▶ PROMPT
From the entries below, reproduce exactly the line containing "y baño con aseo, lavabo", the line containing "A pair of good", and every line in between, with nothing added.

(Short text fragments from websites)
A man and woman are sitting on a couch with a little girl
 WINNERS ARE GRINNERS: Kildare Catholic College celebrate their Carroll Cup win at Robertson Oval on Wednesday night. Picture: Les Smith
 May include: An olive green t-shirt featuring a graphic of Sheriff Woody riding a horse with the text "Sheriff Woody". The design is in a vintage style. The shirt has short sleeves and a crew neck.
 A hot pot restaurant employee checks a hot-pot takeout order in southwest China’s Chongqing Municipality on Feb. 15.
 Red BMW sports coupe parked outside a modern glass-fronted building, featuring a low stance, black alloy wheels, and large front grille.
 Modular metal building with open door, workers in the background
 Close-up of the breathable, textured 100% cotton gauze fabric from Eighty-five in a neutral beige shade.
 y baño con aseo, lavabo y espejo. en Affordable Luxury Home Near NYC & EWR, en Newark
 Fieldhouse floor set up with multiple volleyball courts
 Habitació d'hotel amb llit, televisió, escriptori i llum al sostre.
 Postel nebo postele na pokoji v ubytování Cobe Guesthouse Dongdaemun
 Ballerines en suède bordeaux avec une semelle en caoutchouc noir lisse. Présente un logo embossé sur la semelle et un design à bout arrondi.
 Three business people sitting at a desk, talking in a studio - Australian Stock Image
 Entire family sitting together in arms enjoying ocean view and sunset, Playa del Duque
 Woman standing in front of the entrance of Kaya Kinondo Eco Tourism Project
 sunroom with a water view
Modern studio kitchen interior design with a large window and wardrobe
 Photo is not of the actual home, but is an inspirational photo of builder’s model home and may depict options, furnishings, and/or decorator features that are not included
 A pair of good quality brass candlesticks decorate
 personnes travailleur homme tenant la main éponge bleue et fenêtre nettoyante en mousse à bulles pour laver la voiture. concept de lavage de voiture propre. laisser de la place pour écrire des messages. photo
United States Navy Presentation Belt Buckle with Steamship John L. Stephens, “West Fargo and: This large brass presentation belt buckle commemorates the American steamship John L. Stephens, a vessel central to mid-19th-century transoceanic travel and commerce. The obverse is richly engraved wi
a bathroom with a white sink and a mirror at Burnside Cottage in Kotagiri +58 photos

▶ RESULT FOR THIS EXERCISE
 y baño con aseo, lavabo y espejo. en Affordable Luxury Home Near NYC & EWR, en Newark
 Fieldhouse floor set up with multiple volleyball courts
 Habitació d'hotel amb llit, televisió, escriptori i llum al sostre.
 Postel nebo postele na pokoji v ubytování Cobe Guesthouse Dongdaemun
 Ballerines en suède bordeaux avec une semelle en caoutchouc noir lisse. Présente un logo embossé sur la semelle et un design à bout arrondi.
 Three business people sitting at a desk, talking in a studio - Australian Stock Image
 Entire family sitting together in arms enjoying ocean view and sunset, Playa del Duque
 Woman standing in front of the entrance of Kaya Kinondo Eco Tourism Project
 sunroom with a water view
Modern studio kitchen interior design with a large window and wardrobe
 Photo is not of the actual home, but is an inspirational photo of builder’s model home and may depict options, furnishings, and/or decorator features that are not included
 A pair of good quality brass candlesticks decorate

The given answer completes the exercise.